**Work required**
Restate all the entries exactly as they appear, apart from the pictures.

**Data records**
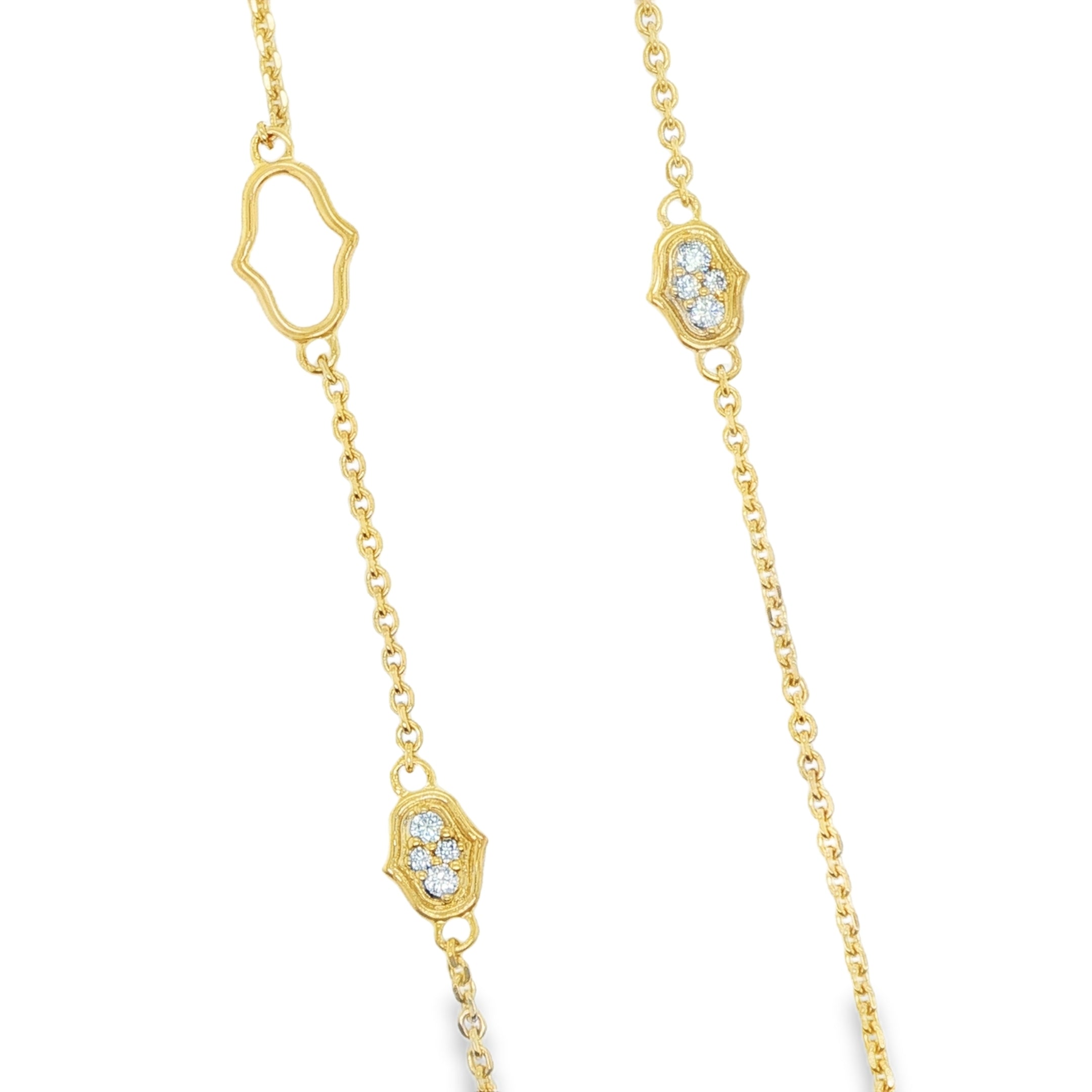 18KYG GUMICHIAN SECRET GARDEN NECKLACE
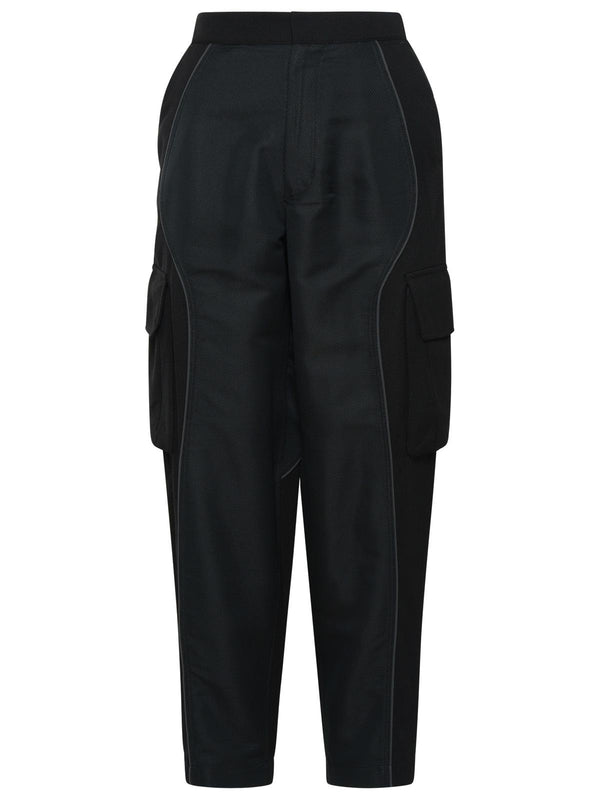 Ferrari Black Nylon Blend Trousers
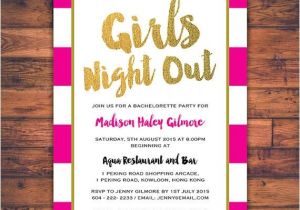 Girls Night Party Invitation Wording Bachelorette Party Girls Night Out Invitation Card by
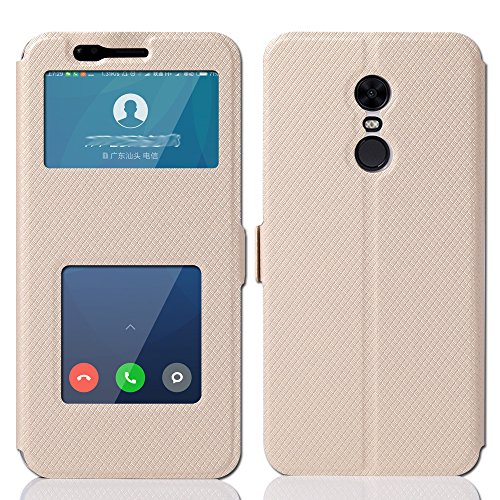 Xiaomi redmi 5 plus case , jm pin [view window] flip ca…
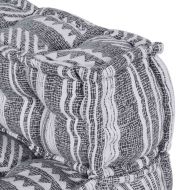 Модулен диван 4 pcs Сив принт текстил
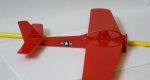 Tether Herkimer Aurora 1961 toy airplane For Sale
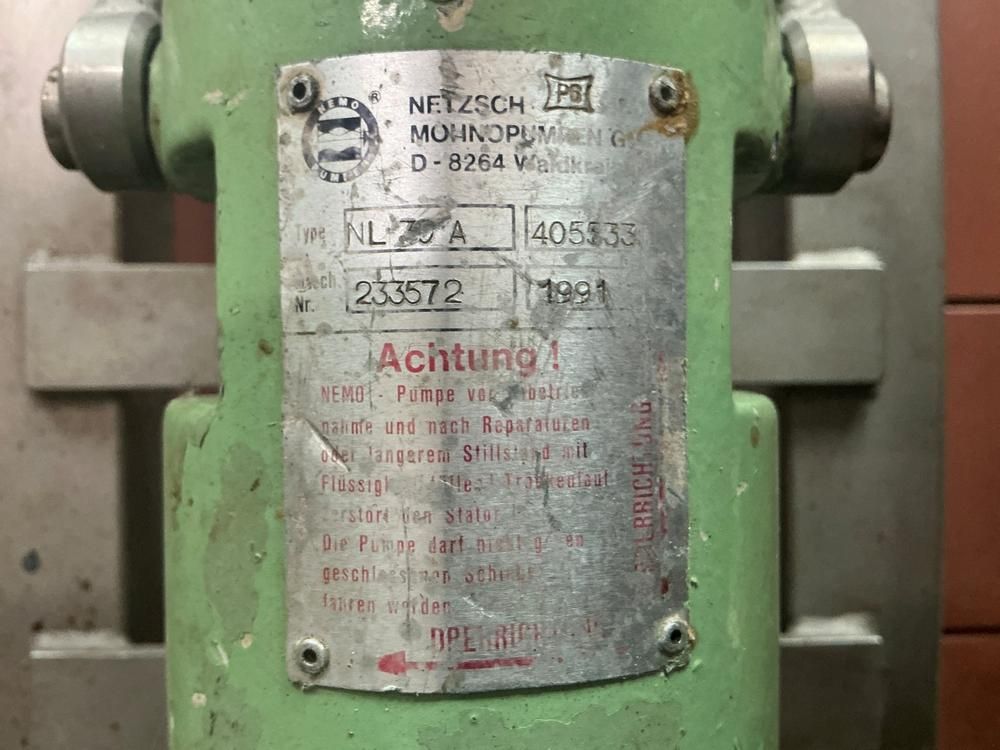 NETZSCH NL30A Progressive cavity pump (2x)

**Final answer**
 18KYG GUMICHIAN SECRET GARDEN NECKLACE
 Ferrari Black Nylon Blend Trousers
 Girls Night Party Invitation Wording Bachelorette Party Girls Night Out Invitation Card by
 Xiaomi redmi 5 plus case , jm pin [view window] flip ca…
 Модулен диван 4 pcs Сив принт текстил
 Tether Herkimer Aurora 1961 toy airplane For Sale
 NETZSCH NL30A Progressive cavity pump (2x)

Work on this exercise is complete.